In beiden Fällen helfe er Menschen, was ihm wichtig ist. „Der Unterschied ist aber, dass ich in der Apotheke elf Monate später eine Retaxation von der Krankenkasse bekomme“, sagt Schabik. Zwar gebe es auch bei der Feuerwehr Nachbesprechungen, aber es gehe nicht darum, unbedingt den kleinsten Fehler zu finden.

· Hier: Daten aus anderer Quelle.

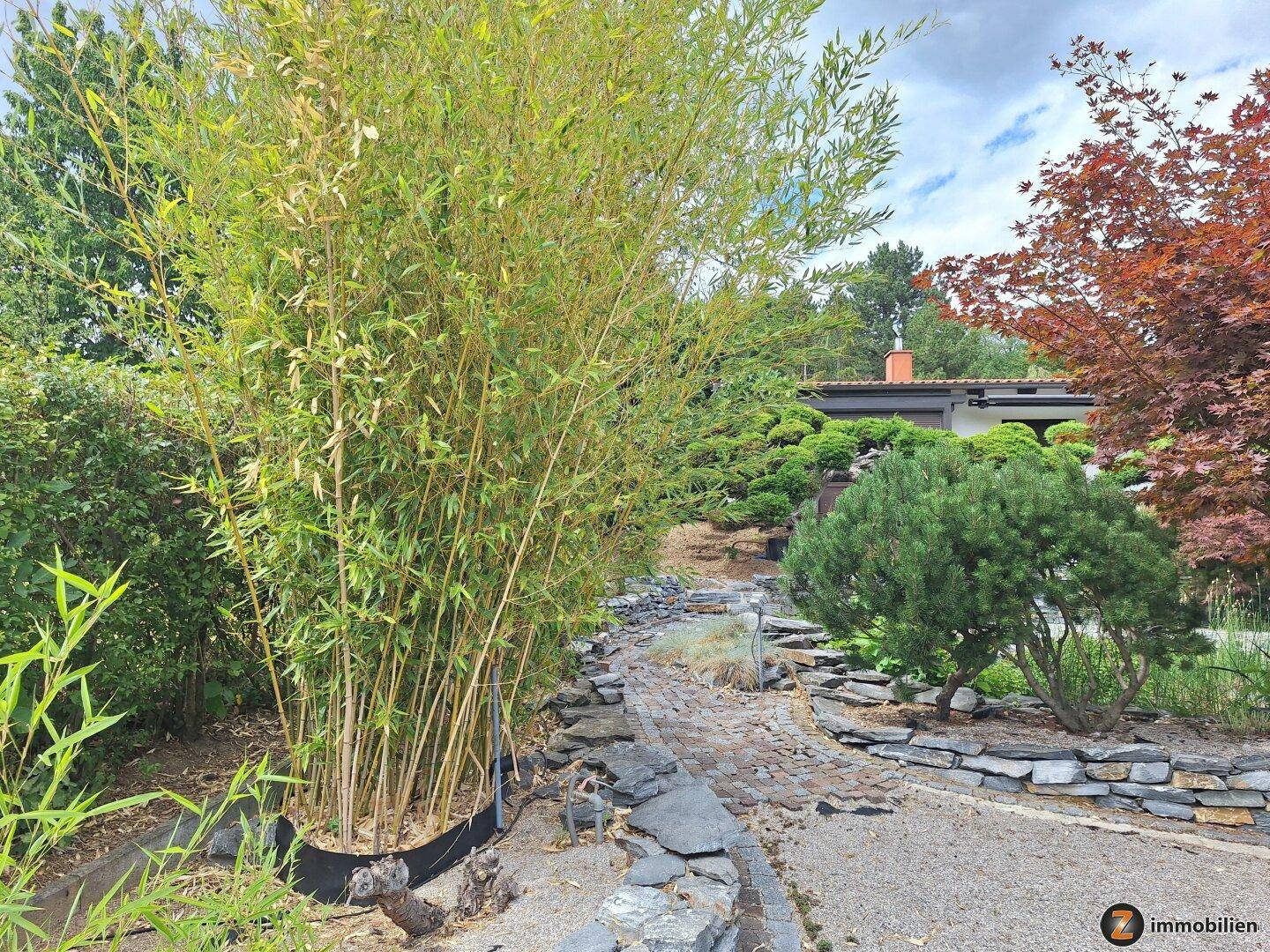 Gartenweg mit hohen Bambuspflanzen, Steinbegrenzungen und einem roten Ahornbaum im Hintergrund.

„Mir gefällt an meinem Dienst bei der Feuerwehr, dass ich Hand in Hand mit verschiedenen Fachleuten zusammenarbeite: Sanitäter, die Polizei, THW-Spezialisten und manchmal auch mit den Speditionsdiensten hinter den Gefahrguttransporten“, erklärt Schabik. Mit einigen Feuerwehrleuten verstehe er sich im Einsatz blind. In der Apotheke sei das ähnlich: „Mit meinen Mitarbeitern, Ärzten, Hebammen und Krankenpflegern arbeite ich interdisziplinär am selben Ziel: der Gesundheit von Menschen“, fasst Schabik zusammen.